Entries shown:

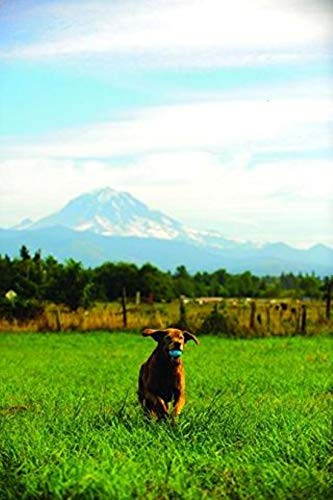 Chuckit HighBounce Rubber Fetch Ball Medium Pack Of 1 Assorted Colors For Pack Of 1 2.5 Inch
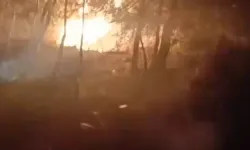 İzmir Bornova'da orman yangını çıkaran 5 defineciye tutuklama!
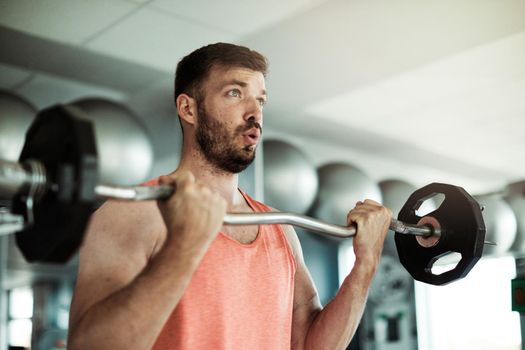 Portrait of healthy fit man at the gym exercising lifting weights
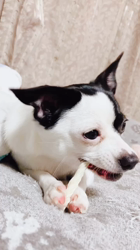 沼崎祐子ブリーダーからお迎えした父:チワワ×母:MIX(チワポメ)：ウランちゃん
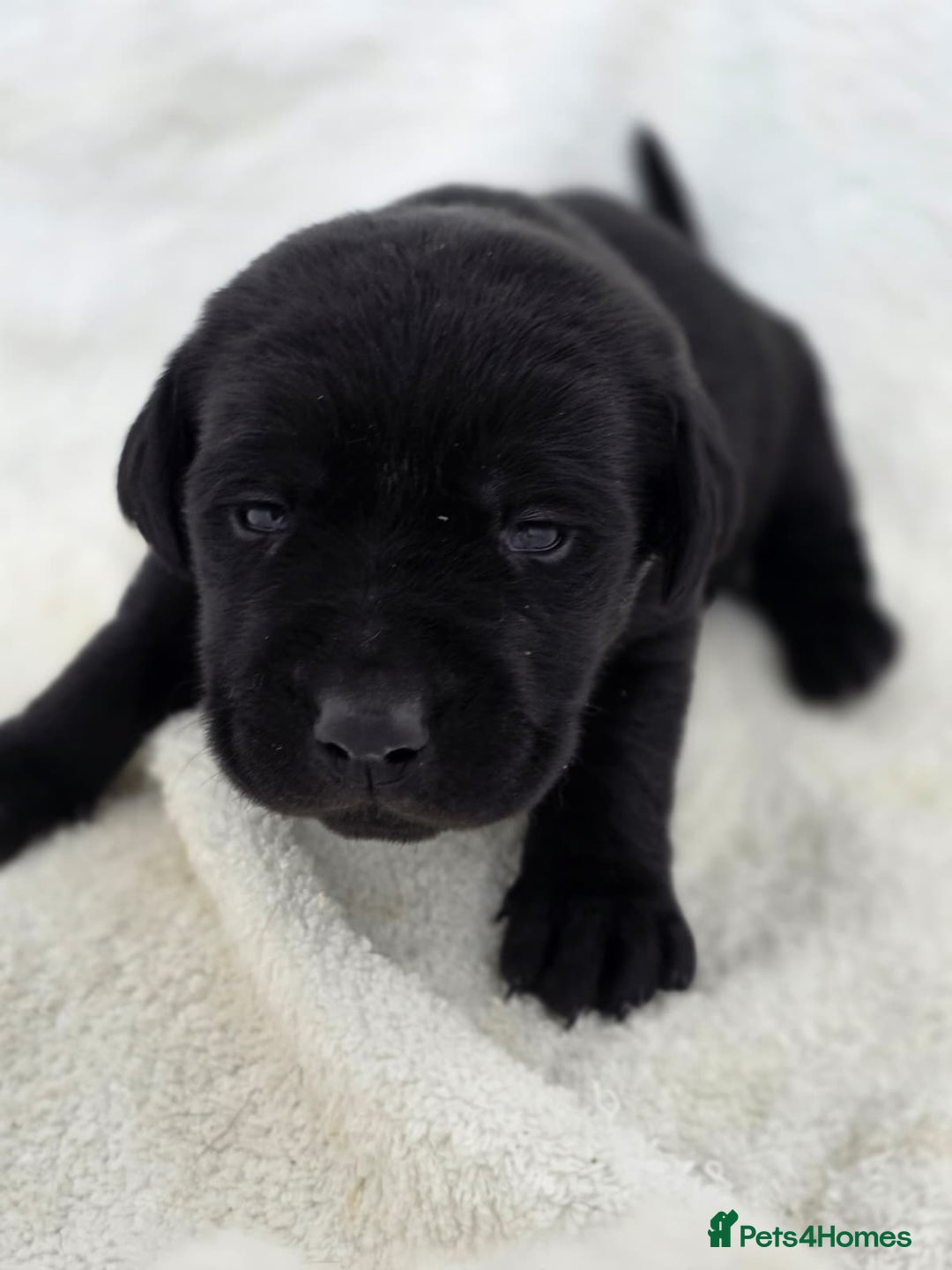 Labrador Retriever dogs for sale: 🐾 Adorable Black Labrador Puppies Ready Soon 🖤🐾 - Image 18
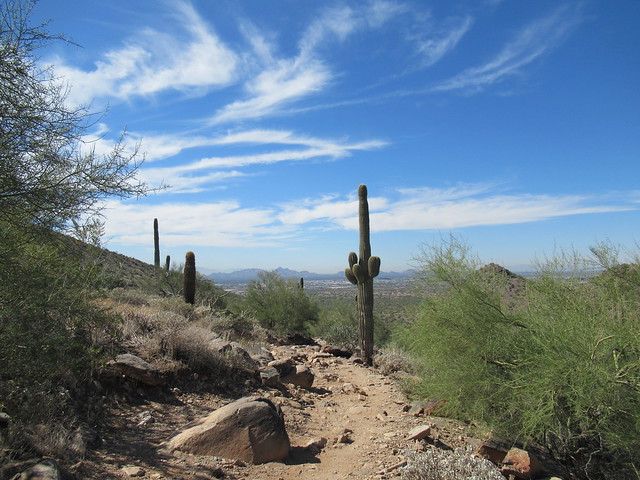 McDowell Sonoran Preserve, Scottsdale, Arizona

Required work:
The required output is every line from the one containing "İzmir Bornova'da orman" through the last line of the records, inclusive, reproduced exactly and without pictures.

The completed task:
 İzmir Bornova'da orman yangını çıkaran 5 defineciye tutuklama!
 Portrait of healthy fit man at the gym exercising lifting weights
 沼崎祐子ブリーダーからお迎えした父:チワワ×母:MIX(チワポメ)：ウランちゃん
 Labrador Retriever dogs for sale: 🐾 Adorable Black Labrador Puppies Ready Soon 🖤🐾 - Image 18
 McDowell Sonoran Preserve, Scottsdale, Arizona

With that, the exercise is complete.